Reviews have been posted simultaneously at Diving for Pearls
and My Annoying Opinions
Kilchoman Single Cask #74
: inky, coal dust, dense peat smoke, rich polished oak, dry malt with a roasted edge by the seashore, berry fruit leather, raisins, cooling tar in the background, fresh cut grass, heather. After adding a few drops of water, oak is significantly toned down and the peat is joined by smoldering cinnamon bark, giving it an incense-like quality, and some ham and sweet vanilla notes come out.
:big cask strength sweetness on top of a thick layer of oak, cinnamon buried in the wood, berries, raisins, and fruit esters around the middle, inky peat becoming more mossy right at the back. After dilution, the basic elements are retained but softened a hair, the berries become much stronger in the middle, the malt becomes drier and dustier with some hay around the middle, but the alcohol heat becomes more significant at the back.
: fresh mossy peat, a touch of ash, sweet malt, berries with a bit of dirt, polished oak tannins, mineral/stones
This is big in every sense of the word. The key elements - malt, oak, and peat - dominate the experience and push aside almost any nuance. The oak has that concentrated quality found in some recent Laphroaig 10 Year Cask Strength releases that makes is almost seem sherried. While I can see the appeal at this strength, the lack of nuance doesn't really do too much for me, especially considering the price. At the least, adding water is a necessity to get some complexity, though the extra alcohol heat makes that less palatable.
Continuing my tradition of experimenting with cask strength releases, I diluted this whisky to 50% and 46% to see how it developed.
: malt dominates with a bit of a sharp edge, mossy peat is very shy (though it expands a bit with time) and integrates with the green herbal/grass notes/seashore notes, integrated vanilla, bright but not aggressive oak
: malt sweetness up front that is quickly joined by moderate oak tannins underneath, strong herbal/floral/vanilla notes in the middle, cinnamon and nutmeg, mossy peat is in the background near the end, berry overtones ride throughout
: light mossy peat, dry malt, dried flowers, fresh vegetation, sweet berry notes
This strength presents a very peculiar balance - the peat is almost difficult to find, which lets the barrel and malt talk more loudly. It's not as soft as the 46% dilution - the alcohol makes itself known without being a kick in the face. The amped up sweetness, spices, and berry notes in the palate give it a bit more character, though the peat is even harder to find here.

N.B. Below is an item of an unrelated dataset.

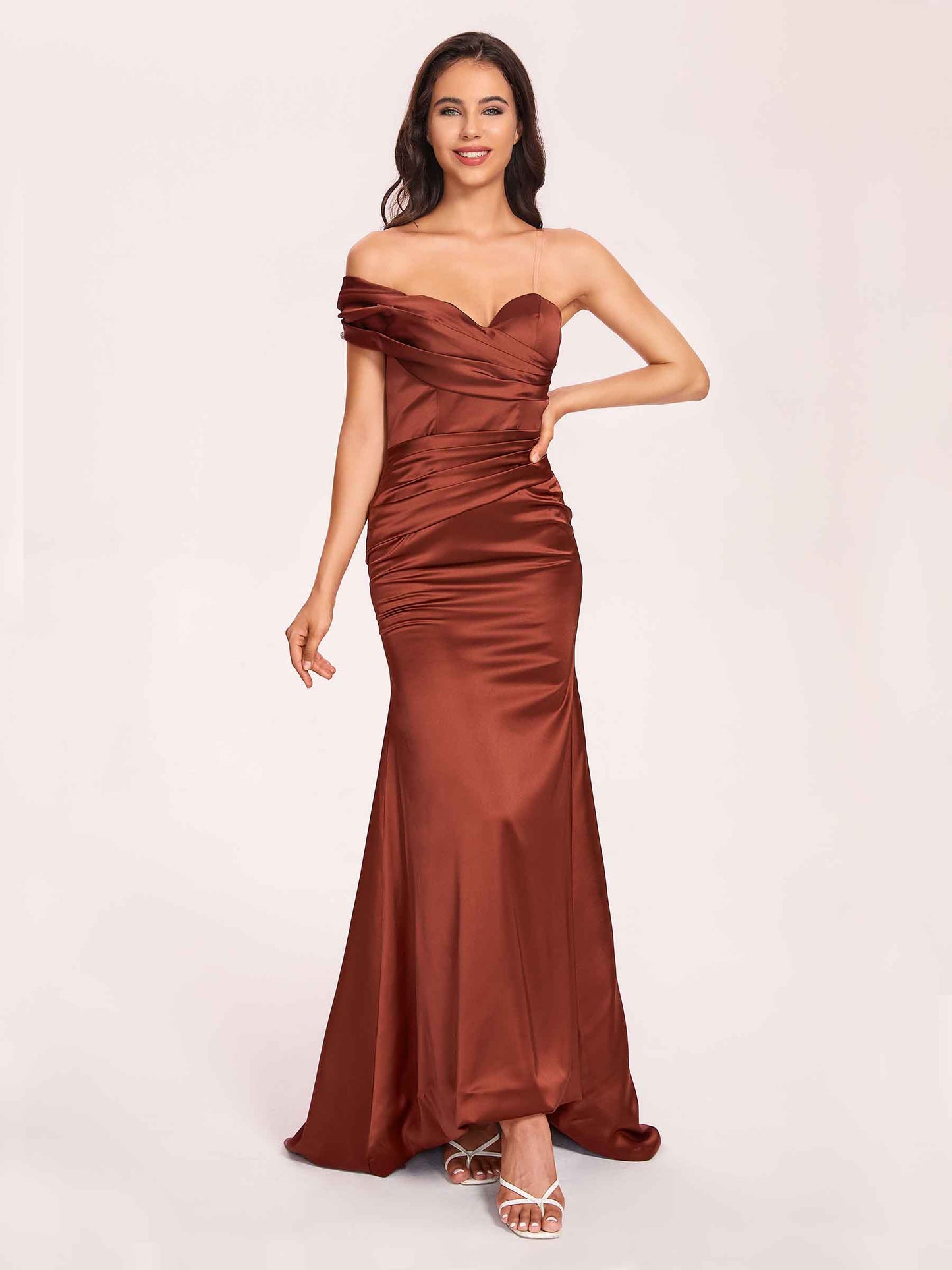 Satin One-shoulder Bridesmaid Dresses Pleats Floor Length Mermaid Long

: lots of dry malt with a touch of hay and polenta, light peat, a touch of smoke, dried mushrooms, green grass and herbs, vanilla frosting, very lightly floral, seashore/seaweed in the background, cinnamon, nutmeg, a touch of mint, fresh earth
: very malty, lightly sweet, American oak with light floral and minty/herbal overtones picks up around the middle, joined by light peat wrapped around creamy vanilla malt at the back
: hints of fruit esters (apples and berries?), malty, balanced oak tannins and peat, light vanilla
Considering its bombastic nature at full strength, the spirit gets downright tame when proofed down to 46%. While the peat certainly hasn't disappeared, it gets a lot softer, almost playing second fiddle to the malt. The palate isn't wildly complex, but the nose brings a lot more action, taking it in a fresh but not immature direction.

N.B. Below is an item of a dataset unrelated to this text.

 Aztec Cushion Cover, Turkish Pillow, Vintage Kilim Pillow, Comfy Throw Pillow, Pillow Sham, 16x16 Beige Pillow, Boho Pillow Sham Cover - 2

Looking over these three strengths makes me feel like we really need to step back from the veneration of cask and batch strength
malts. While they do give consumers more options to drink their spirits at the strength of their choice, few will take the time to experiment and find the best dilution. For me the palate worked best at 50% while the nose shone at 46%. Proofing down single casks shouldn't be heresy.